Sunil Kumar Bahuguna writes:

My design uses many high-speed ICs that require separate analog VCC filtering. I am thinking of using ferrite beads to isolate the analog VCC supplies, but I read somewhere that ferrite beads are not recommended for high-speed, gigahertz-range applications. Can you please explain this?

Ferrite beads are often used in gigahertz filtering applications. Ferrite beads come in two flavors: high-Q, resonant beads and low-Q, nonresonant beads, also called lossy, or absorptive beads.

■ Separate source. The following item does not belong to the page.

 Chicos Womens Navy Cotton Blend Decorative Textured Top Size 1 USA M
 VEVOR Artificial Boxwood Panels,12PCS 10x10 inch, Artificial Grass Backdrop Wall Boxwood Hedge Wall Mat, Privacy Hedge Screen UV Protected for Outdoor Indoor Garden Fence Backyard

The high-Q type has no place in a digital circuit. These beads are used to construct RF oscillators and filters and other circuits that need highly resonant circuit elements. In a digital power-filtering application, the last thing you want is resonance. The low-Q type is commonly used for power-supply filtering, in series with the power connection. Most often, this style of filter also has a capacitor to ground on either side of the inductor (Figure 1).


(courtesy EDN Magazine)

The bead manufacturer should provide you with a curve of impedance versus frequency for your bead. From this curve, you may ascertain the efficacy of a particular ferrite bead at your frequency of interest. For your filter to work properly, the impedance of L1 should greatly exceed the impedance of C2 .

The performance of some ferrite materials (particularly the very high-permeability materials) begins to deteriorate at high frequencies. Past some critical point, the impedance no longer rises proportional to frequency as quickly as you might like. However, for a filtering application, as long as the impedance remains high enough to do the filtering job, you don't need to worry about the efficiency of the ferrite.

Beware that the parasitic capacitance from the input wire to the output wire of the bead can defeat your purpose, especially when you use a double-hole-type core wound in a U-turn or multi-turn configuration. For gigahertz-speed filtering applications, you should stay with a straight-through-type (one turn) core. A good core will look like a long, skinny cylinder with a single hole through the central axis for the signal wire. This straight-through-type topology keeps the input and output circuits as far apart as possible.

The circuit in Figure 1 models the effect of a bead's parasitic capacitance. As frequency rises, the impedance of L1 rises while the impedance of CP falls. Beyond some crucial frequency, capacitor CP begins to short out inductor L1 . You will see this effect if you probe inductor L1 , mounted as it will be used in your actual layout, with a network analyzer. The effect of parasitic capacitance may not be included in the plots of impedance versus frequency that come from the manufacturer of the bead, because they don't know how you are going to lay it out.

Capacitor C2 also suffers from parasitic layout effects. Figure 1 models the inductance LP of this capacitor's physical layout in series with the capacitance C2 . As you go up in frequency, the impedance of C2 falls while the impedance of LP rises. Beyond some crucial frequency, inductor LP prevents C2 from acting as a good short to ground.

The filter ultimately fails at a frequency high enough that the extra series impedance of LP becomes comparable to the parasitic shunt impedance of CP .

All low-pass filters fall prey to parasitic effects. At extremes of frequency, the inductors all turn into capacitors and the capacitors into inductors, reversing the action of the filter. Beyond some threshold frequency, the filter no longer prevents noise from passing through. The response of such a circuit resembles a band-stop filter more than a low-pass filter.

For example, suppose L1 is a straight-through 50-nH bead with CP =0.1 pF. Let C2 be a 0.01-uF capacitor in an 0402 package with LP=0.5 nH. This combination attenuates noise more than 30 dB from about 50 MHz to 3 GHz. Beyond 3 GHz, it works progressively less well.

To extend the response you must either use better components (with better layouts) or use a multistage filter. A multistage filter couples a number of stages in series, with each stage covering only a limited range of frequencies. Two well-designed stages can band-stop twice the range (on a logarithmic frequency scale) of a single-stage design.

As with all filter designs, you should use a network analyzer to measure the results of your final filter architecture. Low-Q beads are not supposed to resonate, but you still might get a noticeable resonance near the low-pass cutoff frequency. It's worth checking.